In order to fulfill our goal of achieving a better prediction, we have a detailed plan on how to deal with the data:

1.We will clean our data by removing any of missing observations, as well as remove any predictor variables that are unnecessary for understanding.
2.Based on remaining variables, we will draw some graphs and plots on them to develop a better impression on how they related to a song’s presence on the official Spotify charts.
3. We will then perform a training/test split on our data, make a recipe, and set folds for the 10-fold cross validation we will implement. Logistic Regression, Random Forest,Gradient-Boosted-Trees, LDA, QDA and KNN models will be all used to deal withthe the training data when we finish the setup.
4. After we have results, we will select the best one based on their roc_auc score, and then fit it to our test data to make a prediction on “Yes” or “No”.

Exploring Our Data

we will load our data first and use clean_names() to make every variables standardized.

Loading our dataset

## loading the data
spotify_2023_raw<-read_csv("/Users/zhaolei/Desktop/131 final project/spotify-2023.csv")

## cleaning predictor names
spotify_2023_cleaned <- clean_names(spotify_2023_raw)

Describing the data

to better visualize the dataset, I create a table listed below and I also provide the codebook that enable readers to gain a better understanding of it.
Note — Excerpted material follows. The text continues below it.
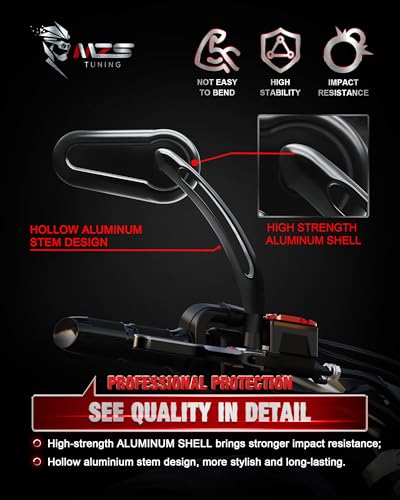 Image of MZS Black 8mm Motorcycle Mirrors, M8 Blade Handlebar Rear View Mirror for HD Models 1982-2026, Compatible with Sportster Softail Road King Street Electra Glide Dyna Vrod Touring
# Using DT to view our data in table
datatable(
  head(spotify_2023_cleaned,50),
  options = list(
    pageLength = 10,      
    autoWidth = TRUE,     
    scrollX = TRUE        
  ),
  class = 'display compact' 
)

track_name: Name of the song
artist_name: Name of the artist(s) of the song
artist_count: Number of artists contributing to the song
released_year: Year when the song was released
released_month: Month when the song was released
released_day: Day of the month when the song was released
in_spotify_playlists: Number of Spotify playlists the song is included in
in_spotify_charts: Presence and rank of the song on Spotify charts
streams: Total number of streams on Spotify
in_apple_playlists: Number of Apple Music playlists the song is included in
in_apple_charts: Presence and rank of the song on Apple Music charts
in_deezer_playlists: Number of Deezer playlists the song is included in
in_deezer_charts: Presence and rank of the song on Deezer charts
in_shazam_charts: Presence and rank of the song on Shazam charts
bpm: Beats per minute, a measure of song tempo
key: Key of the song
mode: Mode of the song (major or minor)
danceability_%: Percentage indicating how suitable the song is for dancing
valence_%: Positivity of the song’s musical content
energy_%: Perceived energy level of the song
acousticness_%: Amount of acoustic sound in the song
instrumentalness_%: Amount of instrumental content in the song
liveness_%: Presence of live performance elements
speechiness_%: Amount of spoken words in the song

Visualizing the data

### Visually Checking Missing Data
vis_miss(spotify_2023_cleaned)

spotify_2023_updated<-spotify_2023_cleaned%>%
  select(-in_shazam_charts)

With 5 percent of missing data in variable in_shazam_chart, we do have to remove it. Also, since it’s not a major platform, so we don’t have to worry too much about its influence on our result. Also, since we do not concern abbout value of Key, so we will remove it later when we do variable selection.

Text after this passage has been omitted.